Test Nodes with Ad-hoc Commands
Use “Run command” to validate node communication independently of job definitions. Helps isolate SSH vs job syntax errors.
Validate ACLs with the Access Validator
Navigate to Admin → Security → Access Validator to simulate access for a user/role and identify missing permissions.
Manually Test Plugin Classpath
Check plugin compatibility with Rundeck version. Ensure JARs are deployed under libext/
and dependencies are shaded properly.
Step-by-Step Resolution Guide
1. Fix SSH Job Execution Failures
Ensure SSH private keys are stored in the key storage path and referenced correctly in project config. Confirm agentless access works outside Rundeck.
2. Repair Node Discovery
Review resources.xml
or dynamic source plugin config. Re-authenticate API credentials or fix region/filters for cloud discovery.
3. Correct ACL File Errors
Lint ACL files for syntax issues. Place policies in /etc/rundeck/aclpolicy/
and restart Rundeck to apply changes.
4. Resolve Plugin Errors
Reinstall plugins after upgrades. Review plugin logs under logs/rundeck.plugin*
. Consider using Plugin Annotations for compatibility with latest Rundeck SDK.
5. Fix LDAP and Key Storage Integration
Enable verbose LDAP logging.
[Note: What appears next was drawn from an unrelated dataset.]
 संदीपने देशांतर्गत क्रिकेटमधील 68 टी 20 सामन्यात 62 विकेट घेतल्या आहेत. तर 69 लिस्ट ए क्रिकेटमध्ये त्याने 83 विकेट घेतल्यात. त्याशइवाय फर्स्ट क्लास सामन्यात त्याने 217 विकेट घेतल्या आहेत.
Validate jaas-ldap.conf
entries and DN mappings. Check if storage paths exist and are properly permissioned.
Best Practices for Stable Rundeck Operations
- Use node filters to scope jobs to only eligible targets.
- Isolate job definitions in version control using Rundeck’s SCM plugin.
- Tag nodes for environment (e.g., prod, staging) to prevent accidental job runs.
- Regularly test ACL policy enforcement using non-admin accounts.
- Automate plugin validation on Rundeck upgrades via CI/CD pipelines.
Conclusion
Rundeck enhances operational efficiency through automated jobs and secure orchestration. However, stability depends on accurate node discovery, plugin health, access control, and integration management. By enabling detailed logs, validating ACLs, and structuring workflows modularly, teams can minimize downtime and streamline DevOps automation across environments.
FAQs
1. Why do my jobs fail with SSH errors?
SSH keys may be missing, incorrect, or improperly scoped in the key storage path. Also verify target node connectivity and permissions.
2. How can I verify if a user can run a job?
Use the Access Validator in the UI to simulate permissions. Check associated ACL policy files and validate YAML syntax.
3. What causes node discovery to stop working?
Dynamic providers may fail due to expired credentials, plugin updates, or cloud API region mismatches. Check logs and refresh tokens.
4. Are plugins affected by Rundeck upgrades?
Yes. Plugins may require rebuilds or updates to be compatible with new APIs. Always test plugins after version changes.
5. How do I store and inject secrets securely in jobs?
Use the key storage system and reference paths with @
syntax (e.g., @project.ssh.key
). Ensure read permissions via ACL policies.